The Foreign Earned Income Exclusion (FEIE) is a special provision for U.S. taxpayers living outside the U.S. and its territories. The exclusion is indexed for inflation and consequently changes each year. The Tax Cuts and Jobs Act of 2017 changed the way the index was calculated resulting in amounts, such as the FEIE amount, growing at a slower pace than under the previous method. For 2019 the FEIE amount is $105,900.

The FEIE is applicable to U.S. citizens and certain resident aliens (green card holders) who live and work outside the United States in foreign countries. The exclusion is only for foreign earned income. It is not possible to exclude passive foreign income such as investment income or rental income. The taxpayer must have a Tax Home (see below) in a foreign country and must meet one of two additional criteria: these are known as the Bona Fide Residence Test; and the Physical Presence Test. Finally, the taxpayer must make a valid election (choose to take the exclusion). This is done by filing Form 2555 (for years prior to 2019 Form 2555EZ may be applicable).

Foreign Earned Income is income for services performed in a foreign country. It matters where the services are performed, not when or where the income is received. You may have foreign income while working for a U.S. based employer if you are performing services for that employer outside the United Sates. In this definition, outside the United States means in a foreign country, foreign airspace or foreign territorial water. It does not include U.S territories, possessions, international waters, international airspace, or Antarctica. Importantly, pension or annuity income is not earned income.

Tax Home. A taxpayer can only have one Tax Home at a time. The Tax Home is the taxpayer’s regular or principal place of business. However, if the taxpayer’s own abode is in the U.S., the taxpayer’s Tax Home will most likely also be in the U.S. Being temporarily in the U.S., or if your family is living full-time in the U.S., does not cause your Tax Home to be in the U.S.. A Tax Home is determined in part by understanding the taxpayer’s center of economic interests. Nomadic persons have their Tax Home where they happen to be.

The Bona Fide Residence Test (BFRT). For U.S. citizens to satisfy the requirements of the BFRT, you must be resident of a foreign country (or countries) for the entire tax year (January 1 – December 31 for calendar year taxpayers).

For U.S. resident aliens, you must be a citizen of a treaty country, and you must be resident abroad for an entire tax year.

Importantly, if you are in a foreign country on a temporary (less than one year) visa, even if it is regularly extended, you do not have the right to reside in that country and therefore cannot claim to be resident in that country for this purpose.

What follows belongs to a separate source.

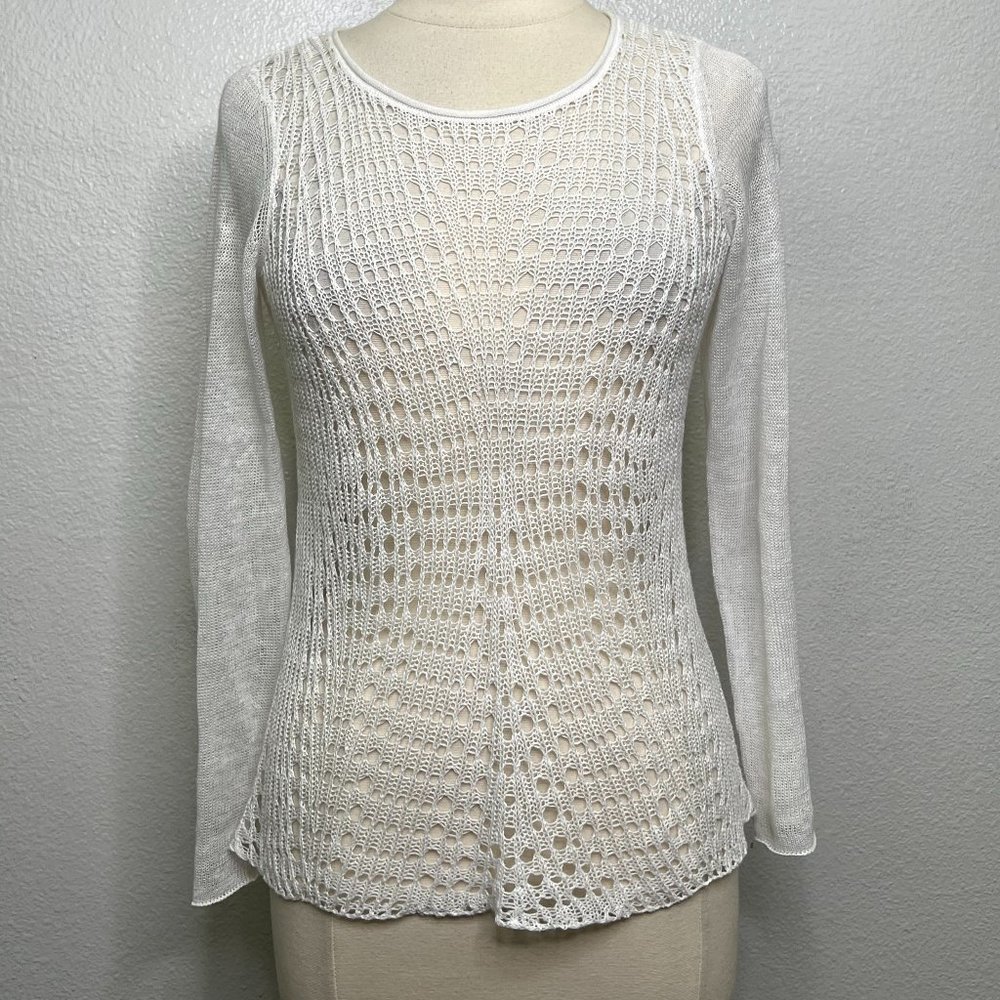 EILEEN FISHER WHITE ORGANIC LINEN OPEN LACE SCOOP NECK TOP‎ SWEATER PS $158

To be a bona fide resident, you must have an intention to make your home in a foreign country and not be there merely ‘on assignment’ or seconded temporarily. In these cases, you will not meet the BFRT if your intention is to return to the U.S. when the assignment is completed.

Your own actions must not, on balance, contradict the claim of residency. For example, you cannot continue to claim residency in a U.S. state.

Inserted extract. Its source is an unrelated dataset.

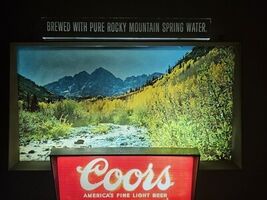 Vintage Coors Beer Rocky Mountain Stream Motion Lighted Sign Works See V... - $444.51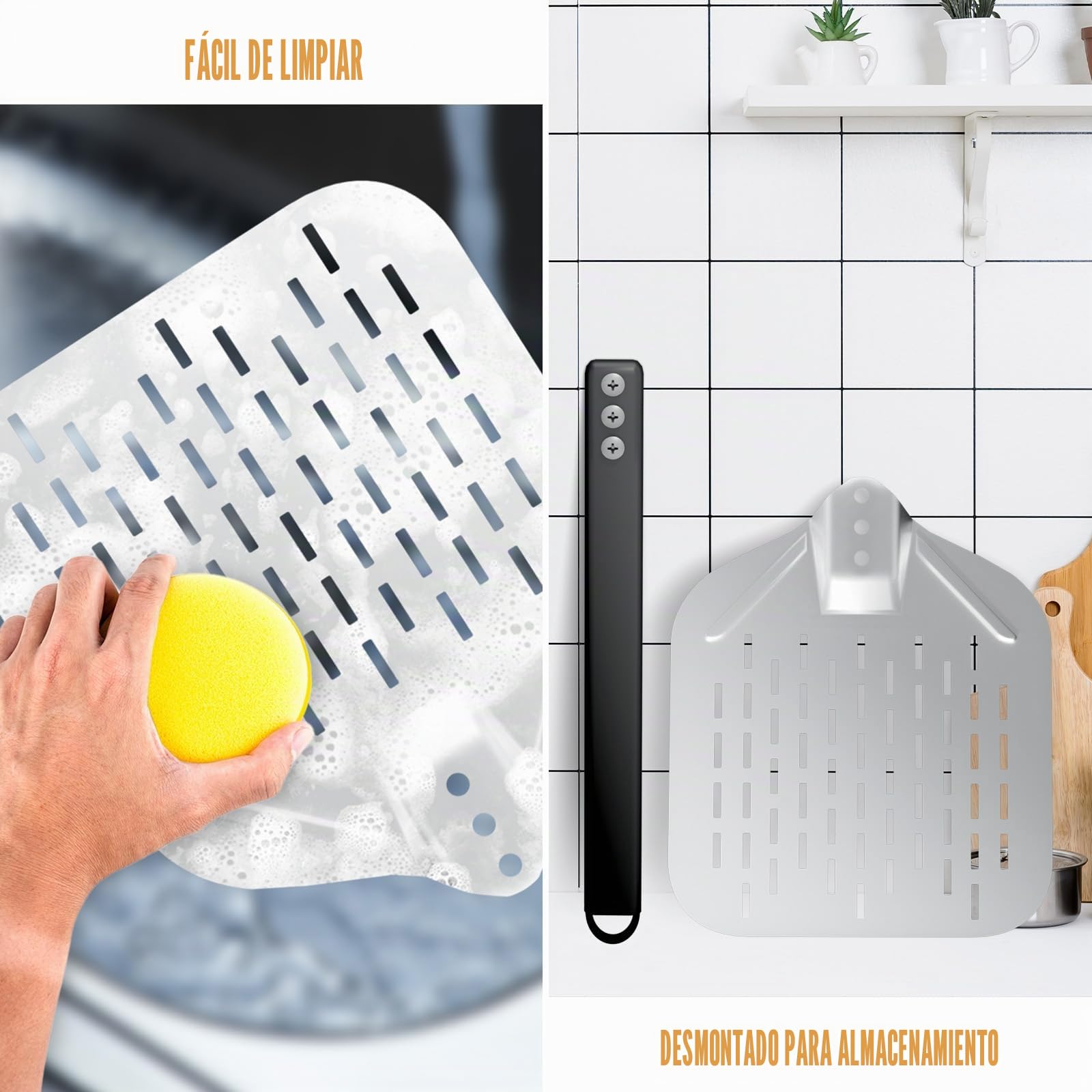 Juego de 4 Utensilios para Pizza, Pala para Pizza Perforada de 30 cm, Pala de Pizza de Aluminio de 23 cm, Cortador de Pizza Profesional y Cepillo para Horno de Pizza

The Physical Presence Test (PPT) requires the taxpayer to be physically in a foreign country (or countries) for 330 days out of any consecutive 12-month period of at least 365 days.

A day is a full 24-hour period beginning at midnight. This is important because someone leaving the U.S. can’t start counting days until they have been in a foreign county for a full day. For example, entering Canada at 1am is the same as entering Canada at 11pm. The day following the day of entry will be the first day counted.

No partial use. Importantly, you cannot choose to use only part of the exclusion. If you are utilizing the exclusion you must exclude your foreign earned income up to the FEIE amount. If your foreign earned income is less than the exclusion amount, all of the income must be excluded if you choose to use the exclusion. Similarly, you cannot create subcategories of foreign earned income and exclude some but not exclude others. For example, you cannot exclude income from one country and not exclude income from a different country or exclude income from one employer and not exclude income from self-employment or a different employer.

Requirement to file a return. You can only exclude your foreign earned income from your gross income by filing a tax return. Even if you know that you will have no income left after you take the exclusion, you must report all of your income on your tax return and attach the Form 2555 to calculate and take the exclusion.

In conclusion, if your Tax Home is outside the U.S. and you meet either the Bona Fide Residence Test or the Physical Presence Test, you can exclude from your gross income up to the FEIE amount (for 2019 this amount is $105,900). This will reduce your taxable income by the excluded amount.